• [Entries provided]:
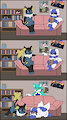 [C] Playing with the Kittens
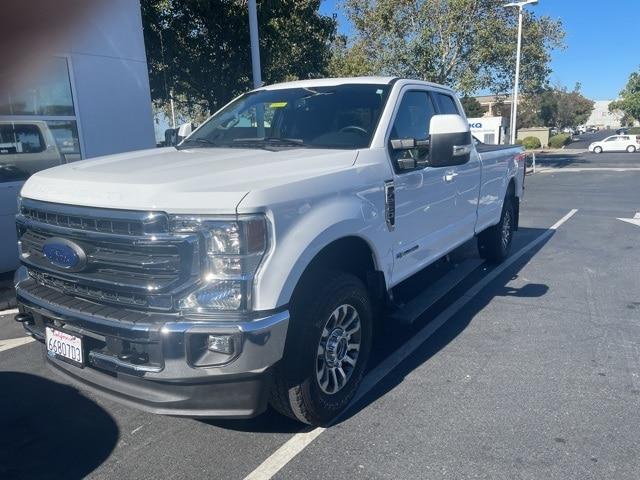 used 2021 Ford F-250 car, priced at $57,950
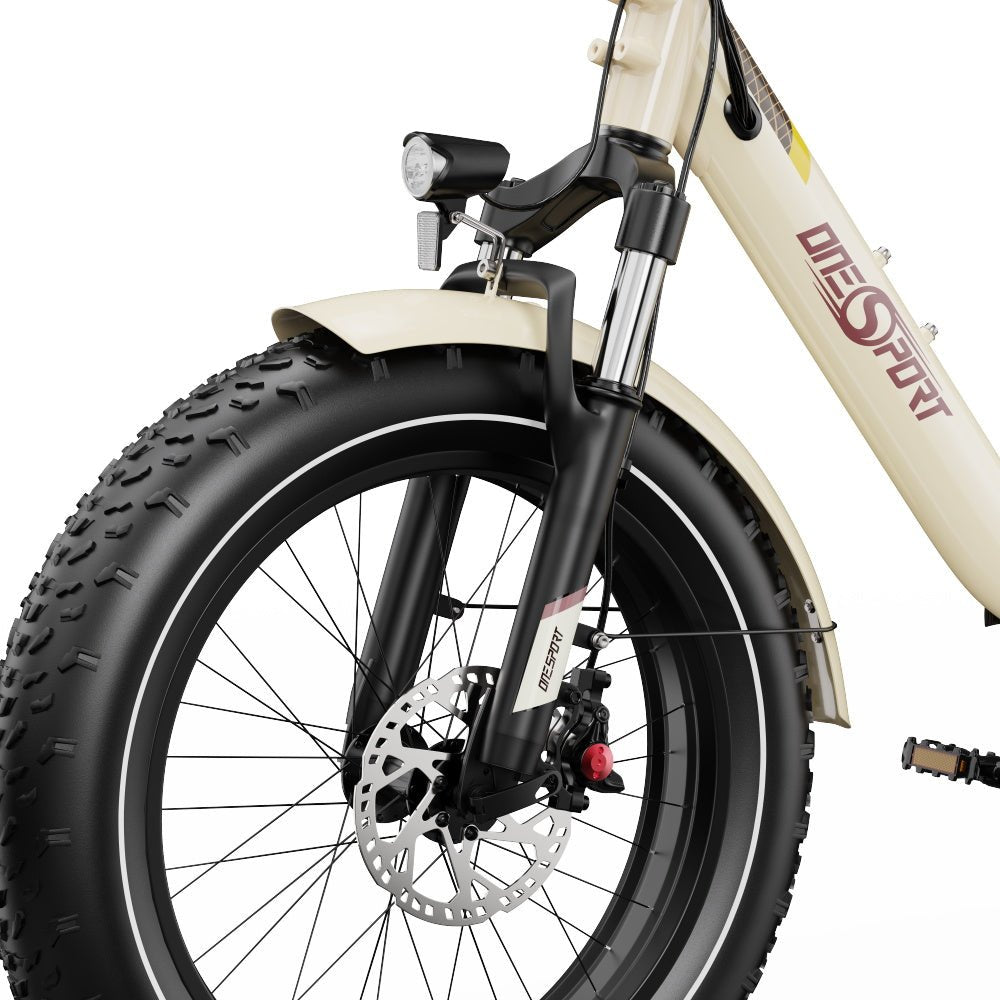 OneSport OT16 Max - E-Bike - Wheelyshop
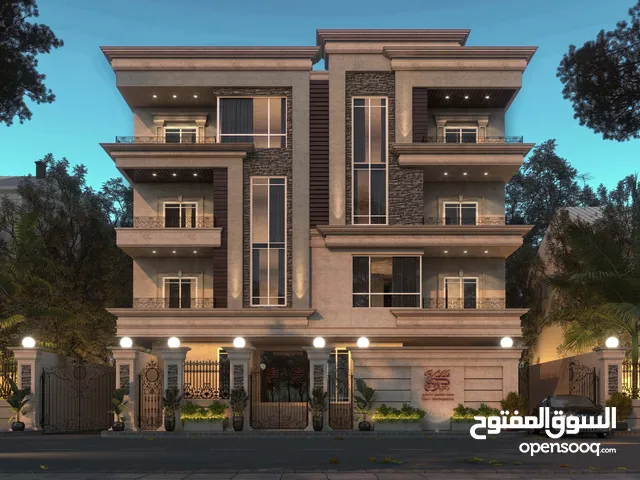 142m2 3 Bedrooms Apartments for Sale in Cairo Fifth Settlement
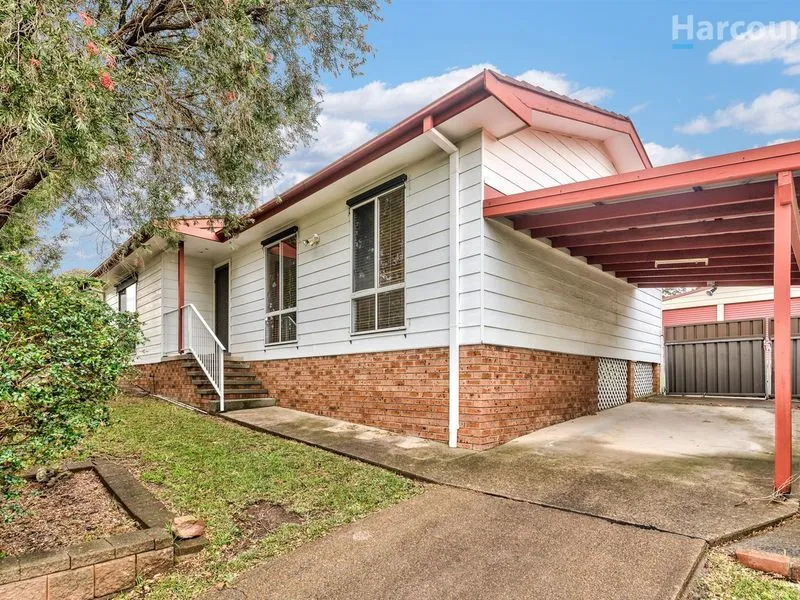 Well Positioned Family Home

==

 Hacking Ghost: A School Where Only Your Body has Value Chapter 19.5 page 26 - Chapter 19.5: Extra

• [Task goal]:
With the pictures removed, print only the lines starting at the line that has "[C] Playing with the Kittens" and ending at the line that has "Well Positioned Family Home", both ends included, exactly as they stand above.

• [Response to the exercise]:
 [C] Playing with the Kittens
 used 2021 Ford F-250 car, priced at $57,950
 OneSport OT16 Max - E-Bike - Wheelyshop
 142m2 3 Bedrooms Apartments for Sale in Cairo Fifth Settlement
 Well Positioned Family Home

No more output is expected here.